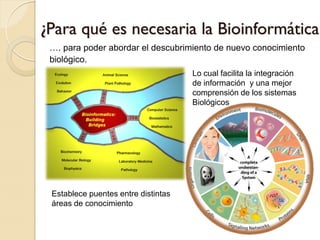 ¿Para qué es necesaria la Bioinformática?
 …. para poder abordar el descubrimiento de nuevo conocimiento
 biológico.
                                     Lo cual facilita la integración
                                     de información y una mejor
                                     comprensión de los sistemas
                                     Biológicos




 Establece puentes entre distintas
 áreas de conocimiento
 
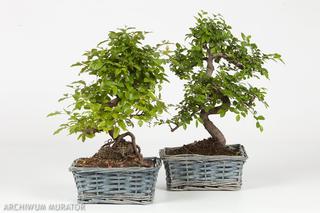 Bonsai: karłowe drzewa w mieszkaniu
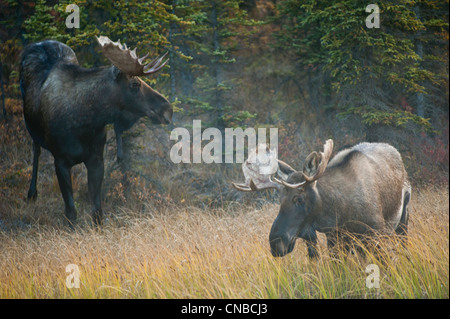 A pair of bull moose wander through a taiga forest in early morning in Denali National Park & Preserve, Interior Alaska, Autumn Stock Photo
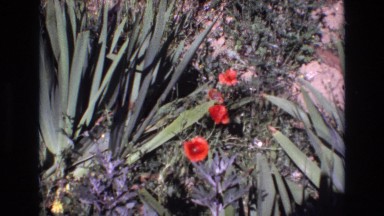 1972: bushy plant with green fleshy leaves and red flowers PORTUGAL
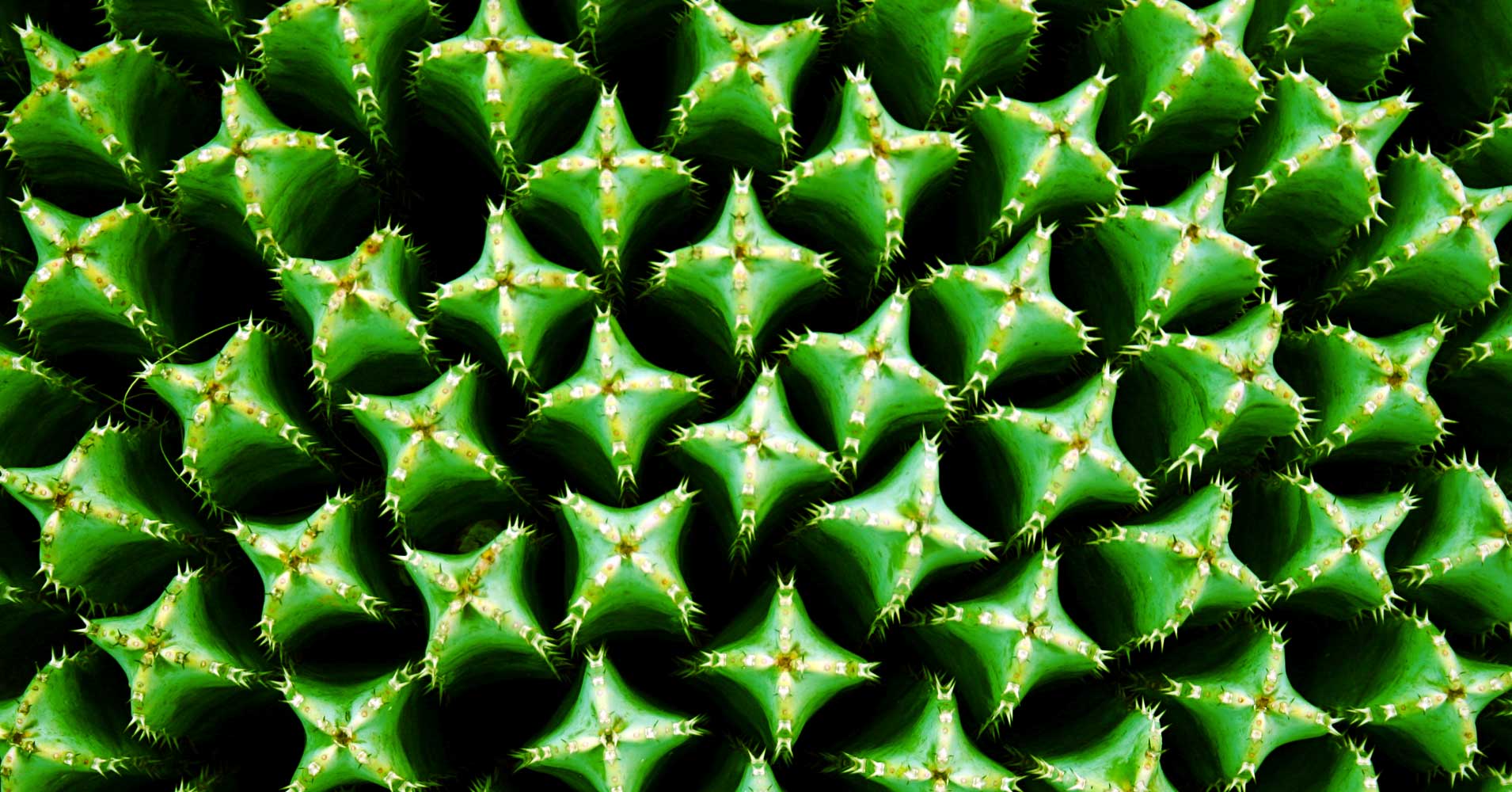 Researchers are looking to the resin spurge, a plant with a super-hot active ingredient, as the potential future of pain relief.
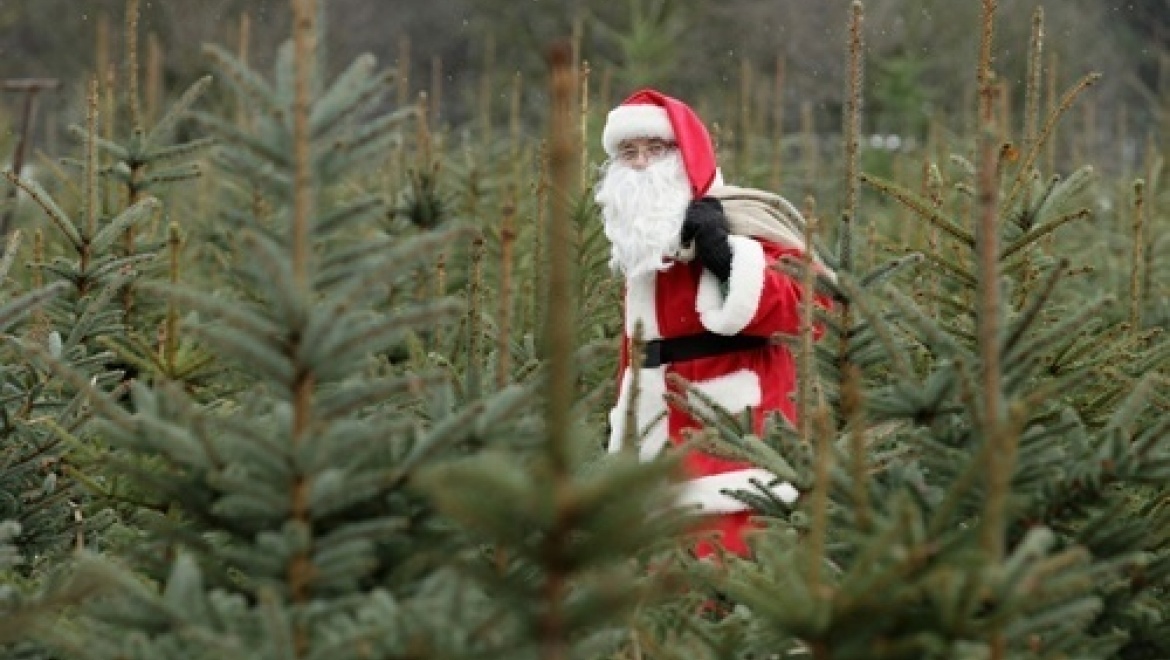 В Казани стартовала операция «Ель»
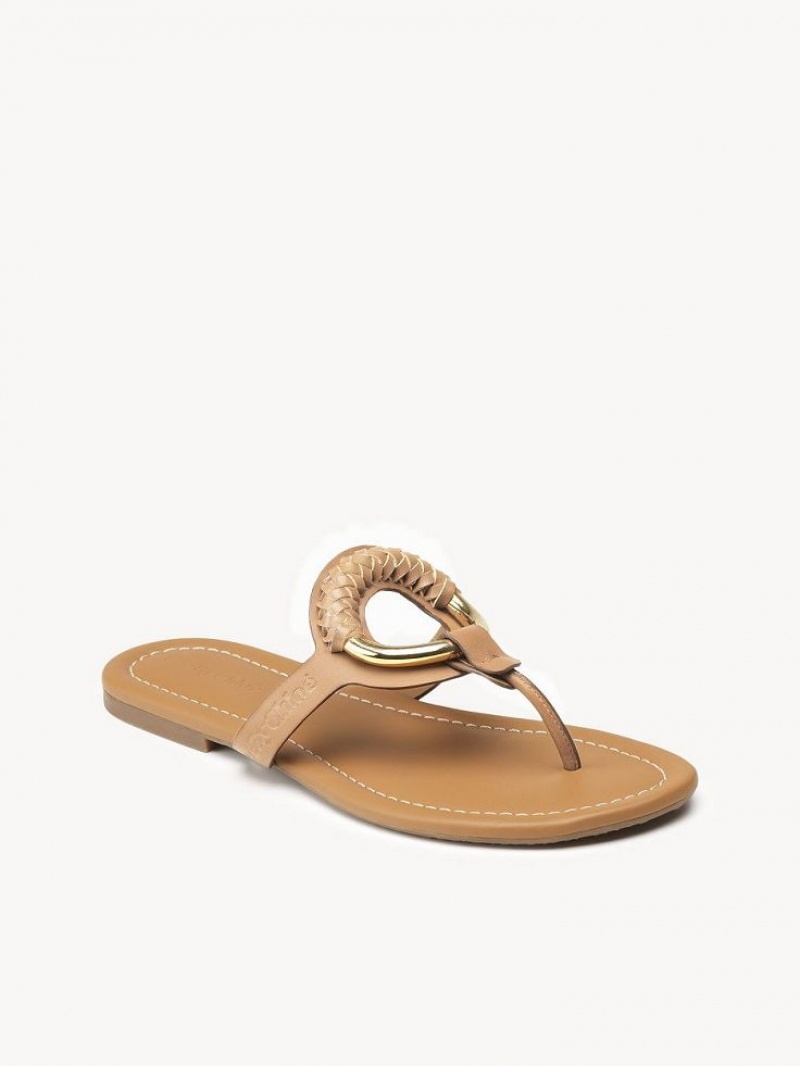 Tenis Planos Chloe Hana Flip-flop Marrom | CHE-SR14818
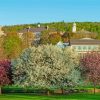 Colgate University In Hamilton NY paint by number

▶ **PROBLEM REQUIREMENTS**:
Your task is to find each line in the entries that contains the string "conocimiento" and copy it.

▶ **EXERCISE RESULT**:
 …. para poder abordar el descubrimiento de nuevo conocimiento
 áreas de conocimiento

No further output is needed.